It is expected that delivery of the Notes will be made against payment therefore on or about March 27, 2025, which is the third business day following the date hereof (such settlement cycle being referred to as “T+3”). Under Rule 15c6-1 under the Securities Exchange Act of 1934, as amended, trades in the secondary market generally are required to settle in one business day unless the parties to any such trade expressly agree otherwise. Accordingly, purchasers who wish to trade the Notes on the date of pricing or the next succeeding business day will be required, by virtue of the fact that the Notes initially will settle in T+3, to specify an alternative settlement cycle at the time of any such trade to prevent failed settlement. Purchasers of the Notes who wish to trade the Notes on the date of pricing should consult their own advisors.

**

Note: A securities rating is not a recommendation to buy, sell or hold securities and may be subject to revision or withdrawal at any time.

The Issuer and the Guarantor have filed a registration statement (including a prospectus) with the SEC for the offering to which this communication relates.

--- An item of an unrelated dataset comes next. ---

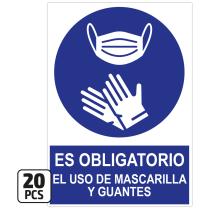 JBM 14822 - PACK DE 20 POSTERS DE "ES OBLIGATORIO EL USO DE MASCARILLA Y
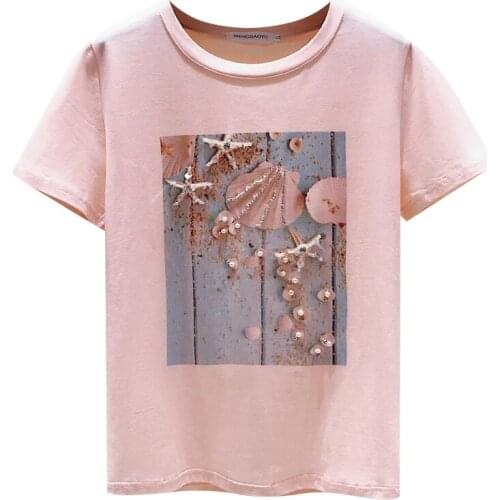 2021 Summer T Shirt Women Tops White Pink Tshirt Women Korean Clothes Short Sleeve Casual Purple Sequins Diamond Tee shirt Femme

Before you invest, you should read the prospectus in that registration statement and other documents the Issuer and the Guarantor have filed with the SEC for more complete information about the Issuer, the Guarantor and this offering. Certain restrictions relating to the offering that are set forth in the prospectus apply to this document.

You may get these documents for free by visiting EDGAR on the SEC Web site at www.sec.gov. Alternatively, the Issuer, any underwriter or any dealer participating in the offering will arrange to send you the prospectus if you request it by calling BofA Securities, Inc. at +1-800-294-1322, Barclays Capital Inc. at +1-888-603-5847, ING Financial Markets LLC at +1-877-446-4930, Lloyds Securities Inc. at +1-212-930-5039, RBC Capital Markets, LLC at +1-866-375-6829 or Wells Fargo Securities, LLC at +1-800-645-3751.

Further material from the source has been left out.